O final da obra é também bastante discutido considerando aquilo que representa. O que nele é interessante para mim é a) apesar de ser “deixado em aberto”, qualquer leitor lhe dá facilmente o mesmo fim e b) apesar das imensas opiniões em contrário, não me parece que existisse outro fim possível, não só porque não seria verossímil em termos daquilo que foi a obra ou mesmo daquilo que “nós” somos, como em termos de contexto tempo e espaço.
Do ponto de vista da crítica social, gostei muito de determinadas personagens-tipo, como a tia de Isabel e o seu claro desapego a tudo o que não seja ela mesma, ou a amiga de Isabel, a correspondente Henrietta Stackpole, tão independente e revolucionária no seu contexto. Creio que esta personagem é uma favorita entre o público e, embora eu geralmente não gostar muito deste tipo de personagem, muito menos em livros de época, gostei imenso de Henrietta. Também destaco a arrogância e o decoro da nobreza inglesa com Lord Warburton, a pretensa intelectualidade da classe média-alta de então, ou o mecenato das pessoas que nunca conseguem viver abaixo da condição a que se habituaram através da representação de Madame Merle e Gilbert Osmond. E por falar neles, gostava ainda de notar o quanto a dinâmica dos dois e os seus esquemas me recordaram Laclos e Ligações Perigosas!
Também queria notar o quão “inglês” me pareceu este livro. O tema, o tom, a própria sociedade em critica, etc. Claro que Henry James se estabeleceu durante muito tempo na Europa, sobretudo em Inglaterra e, como sabemos, acabou mesmo por adquirir a cidadania britânica, pelo que esta observação pode ser facilmente justificável. Ainda assim, confesso que fiquei supreendida por, com efeito, à exceção da heroína, tudo em The Portrait of a Lady ser tão inglês. Isabel é, por outro lado, bastante americana, não só em termos de tradição heróica, mas também em termos de personalidade feminina. O que acho peculiar é também o facto de, no fim, ela se tornar tão europeia, sobretudo em pensamento e atitude. Sei que isto pode resultar do próprio amadurecimento e perda de inocência da personagem, mas ainda assim pareceu-me muito interessante.

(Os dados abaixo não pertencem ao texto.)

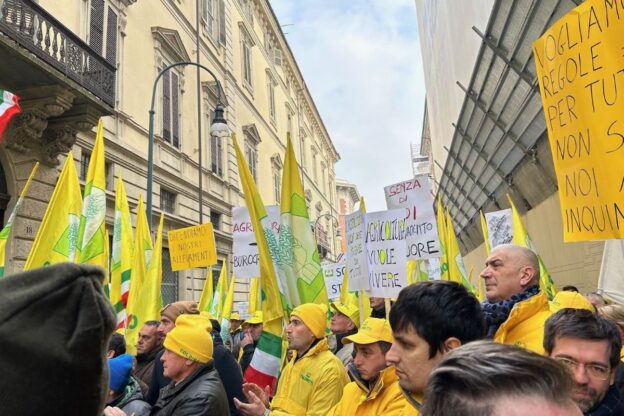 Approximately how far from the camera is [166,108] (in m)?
16.5

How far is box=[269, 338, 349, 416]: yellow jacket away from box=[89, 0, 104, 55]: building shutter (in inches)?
452

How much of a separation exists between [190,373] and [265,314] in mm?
997

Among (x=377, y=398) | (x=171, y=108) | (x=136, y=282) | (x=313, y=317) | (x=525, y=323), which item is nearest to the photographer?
(x=377, y=398)

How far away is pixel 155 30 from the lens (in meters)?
16.0

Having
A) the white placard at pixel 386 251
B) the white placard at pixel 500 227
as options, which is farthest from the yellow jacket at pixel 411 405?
the white placard at pixel 500 227

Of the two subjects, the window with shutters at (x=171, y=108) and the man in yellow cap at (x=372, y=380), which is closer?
the man in yellow cap at (x=372, y=380)

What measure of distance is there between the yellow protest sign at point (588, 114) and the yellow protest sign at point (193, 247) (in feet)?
20.2

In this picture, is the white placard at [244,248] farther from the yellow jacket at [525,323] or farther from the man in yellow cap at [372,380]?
the yellow jacket at [525,323]

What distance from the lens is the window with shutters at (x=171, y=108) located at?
16.3 meters

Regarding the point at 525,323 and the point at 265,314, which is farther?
the point at 265,314

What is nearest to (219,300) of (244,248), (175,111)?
(244,248)

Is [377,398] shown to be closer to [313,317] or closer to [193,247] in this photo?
[313,317]

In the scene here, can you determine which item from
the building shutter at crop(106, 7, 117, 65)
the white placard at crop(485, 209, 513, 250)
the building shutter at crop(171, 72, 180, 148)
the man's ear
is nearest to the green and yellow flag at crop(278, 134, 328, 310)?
the man's ear

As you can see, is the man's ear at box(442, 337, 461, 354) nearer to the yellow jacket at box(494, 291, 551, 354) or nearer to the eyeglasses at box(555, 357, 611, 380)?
the eyeglasses at box(555, 357, 611, 380) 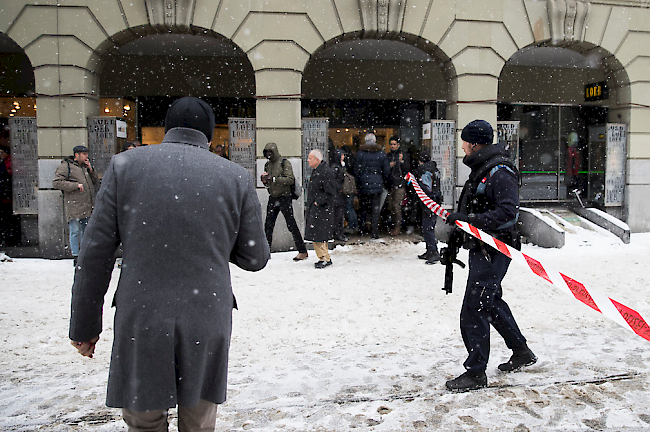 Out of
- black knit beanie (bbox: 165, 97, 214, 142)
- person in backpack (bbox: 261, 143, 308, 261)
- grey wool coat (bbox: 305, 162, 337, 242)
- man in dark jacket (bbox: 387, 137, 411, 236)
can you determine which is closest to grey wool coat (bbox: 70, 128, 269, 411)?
black knit beanie (bbox: 165, 97, 214, 142)

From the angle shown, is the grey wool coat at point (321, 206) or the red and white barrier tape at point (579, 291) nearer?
the red and white barrier tape at point (579, 291)

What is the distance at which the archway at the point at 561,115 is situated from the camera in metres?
12.4

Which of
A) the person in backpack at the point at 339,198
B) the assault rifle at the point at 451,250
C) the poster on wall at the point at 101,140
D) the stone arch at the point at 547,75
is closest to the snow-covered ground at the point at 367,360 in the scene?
the assault rifle at the point at 451,250

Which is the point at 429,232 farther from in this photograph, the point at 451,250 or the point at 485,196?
the point at 485,196

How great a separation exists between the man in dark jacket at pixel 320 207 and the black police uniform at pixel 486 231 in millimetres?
4494

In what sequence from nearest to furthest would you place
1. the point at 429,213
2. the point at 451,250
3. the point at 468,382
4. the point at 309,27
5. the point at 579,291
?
the point at 579,291 < the point at 468,382 < the point at 451,250 < the point at 429,213 < the point at 309,27

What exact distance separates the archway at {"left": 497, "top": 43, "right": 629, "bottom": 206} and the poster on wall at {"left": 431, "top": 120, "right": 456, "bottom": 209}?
2185 millimetres

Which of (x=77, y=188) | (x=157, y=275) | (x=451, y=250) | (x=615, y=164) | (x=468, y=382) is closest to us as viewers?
(x=157, y=275)

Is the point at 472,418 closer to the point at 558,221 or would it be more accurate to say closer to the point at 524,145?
the point at 558,221

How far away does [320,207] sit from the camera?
841 centimetres

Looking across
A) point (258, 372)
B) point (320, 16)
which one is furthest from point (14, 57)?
point (258, 372)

The Portrait of a Lady levou-me a refletir sobre conceitos como a liberdade e a independência e o modo como estes são tão relativos, como mudam de pessoa para pessoa, como a sua importância e valor não são transversais a todos. Isto surge muito em função de um capítulo extremamente discutido da obra em que Isabel reflete à cerca do esquema em que caiu, como chegou ali, o que poderia fazer. A sua reação dita passiva de se conformar com a sua decisão e procurar agir o melhor possível em relação a ela é, de um certo ponto de vista, bastante existencialista o que, considerando a altura de produção e publicação da obra, não admira. Ainda assim, este aspeto e a reflexão suscitada é, para mim, o ponto alto da obra.
Em suma, penso que já adivinham que gostei imenso desta obra. Creio que posso dizer que, até ao momento, foi provavelmente a minha leitura preferida deste ano. Sei que ainda agora estamos em maio e vale o que vale, mas ainda assim é a verdade. É certamente uma leitura que recomendo muito. Já leram? Qual a vossa opinião?